Chairman Rod Player opened Tuesday’s Emery County Public Lands meeting with comments about the littering on public lands in the area. He specially mentioned the difference he noticed between the High Uintahs and the Manti-La Sal National Forest. He said the only way to really make a difference is to pick up after yourselves and others as you travel though those public lands.

“When you see something in a pristine condition, it makes you want to leave it that way,” Player said.

Emery County Commissioner Kent Wilson then reported on a recreation board meeting with the Bureau of Land Management (BLM). The purpose of these meetings is to create a management plan. They are hoping to gather comments on what improvements or changes need to be made. They also spoke about the wild horse and burro problems as well as cattle management.

Wilson said the county is making it a priority to get something done to stop the overgrazing in the desert. Although the rain has helped, the wild horse numbers continue to be much larger than the desert can maintain.  Council member McElprang said that if anyone is doubting this, now would be a good time to make a comparison as the rains show a marked difference on pastures where the horses do not graze.

Chairman Player then called on Jay Mark Humphrey, who is now serving on the Colorado River Authority Board, and asked him to report. He stated that a special service district has been created and the Bureau of Reclamation gave a report on the impact of the drought. Humphrey stated that some water will be turned out of the upper reservoirs to help with levels at Lake Powell, which furnishes water for both Hoover Dam and Glen Canyon Dam.

Humphrey was also asked about water levels at Joe’s Valley. He said that the reservoir is the lowest it has ever been since initially filled. It is now at about 38,000 acre feet when it normally is at 56,000 acre feet. There will be stock water until October and water for PacifiCorp until March.

There were no BLM officials at the meeting and the report was that the staff members are in other states fighting fires.

Blair Kettle from the Division of Oil, Gas and Mining next addressed the council and audience. He began by speaking about the tragedy at the Rhino Mine from the flood in Bear Canyon. He noted that MSHA is installing new drainage systems at that mine and the surrounding canyons. There was also erosion at Skyline and Deer Creek.

Kettle also explained Emery County has never been very active in oil and gas applications and there have been none this year, except for helium reserves. The decline has reached about 12% in Utah with a sharper decrease than that in Emery County.

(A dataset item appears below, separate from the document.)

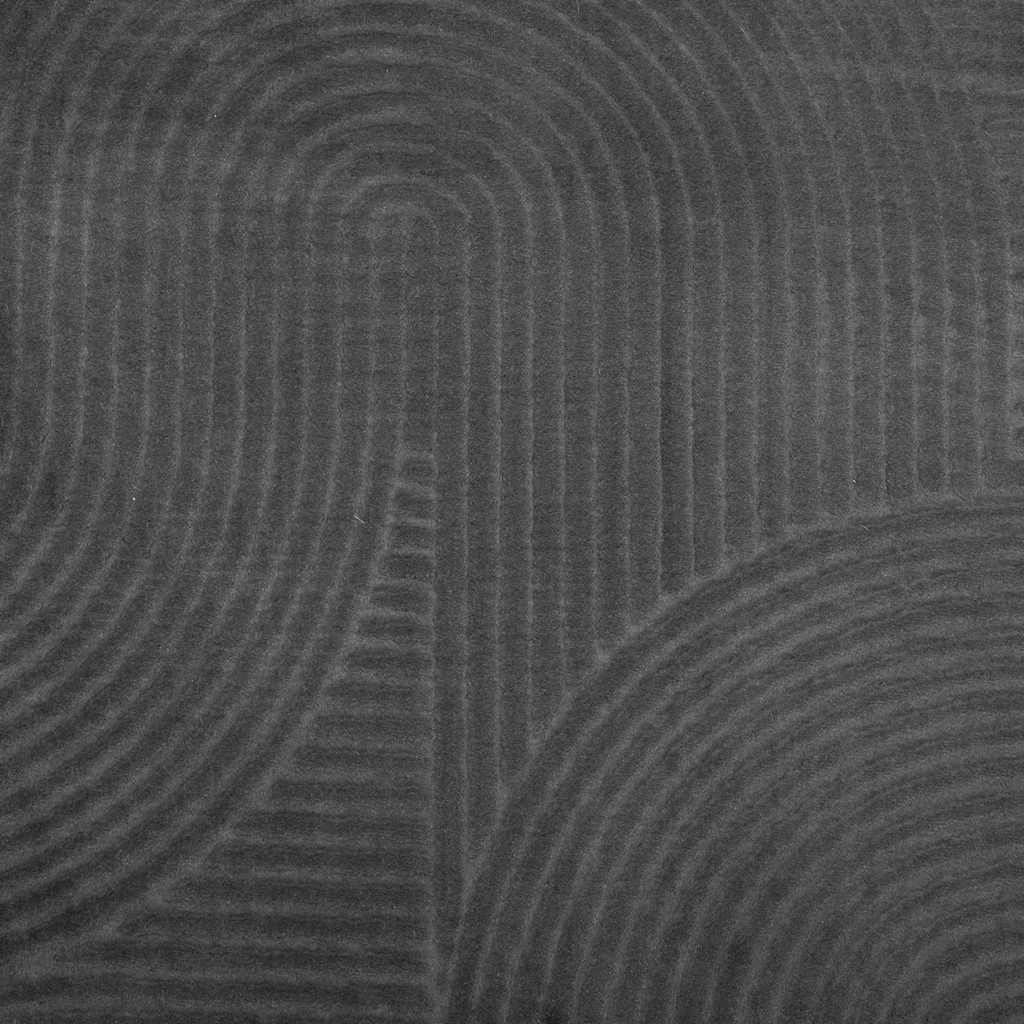 Teppich IZA Kurzflor Skandi-Stil Anthrazit 80x150 cm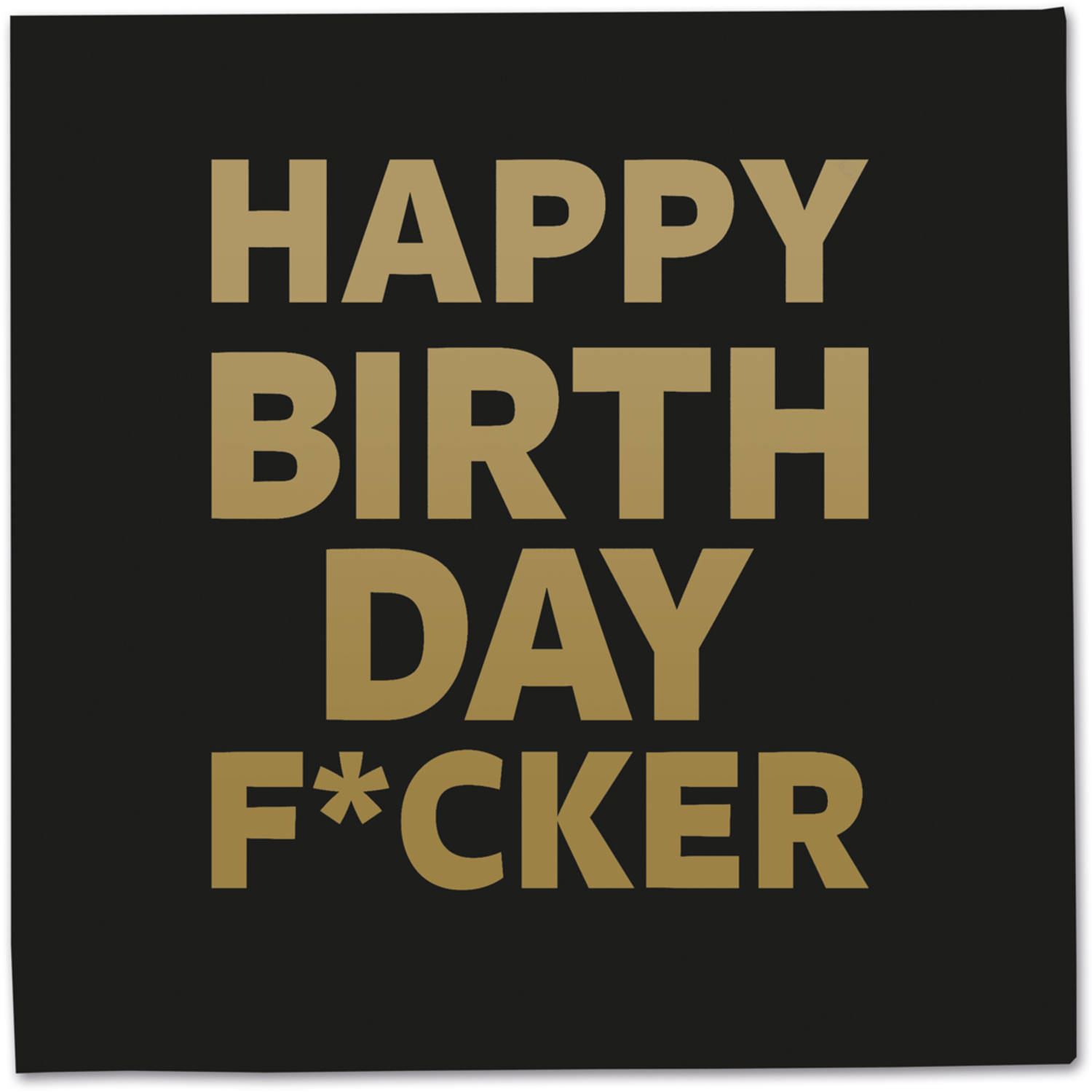 8 X HAPPY BIRTHDAY F*CKER PARTY NAPKINS - 33CM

Discussion on the Crandall Canyon reclamation highlighted the difference of opinions as to what should or should not be done. Emery County would like it left as it is with just parking lot in the area of memorial. Jim Jennings then reported that the coal lease has been granted again and as long as the leases is active, no reclamation will be enforced. It was the public land council’s request that Emery County Commissioner Lynn Sitterud head a subcommittee to decide what should be done.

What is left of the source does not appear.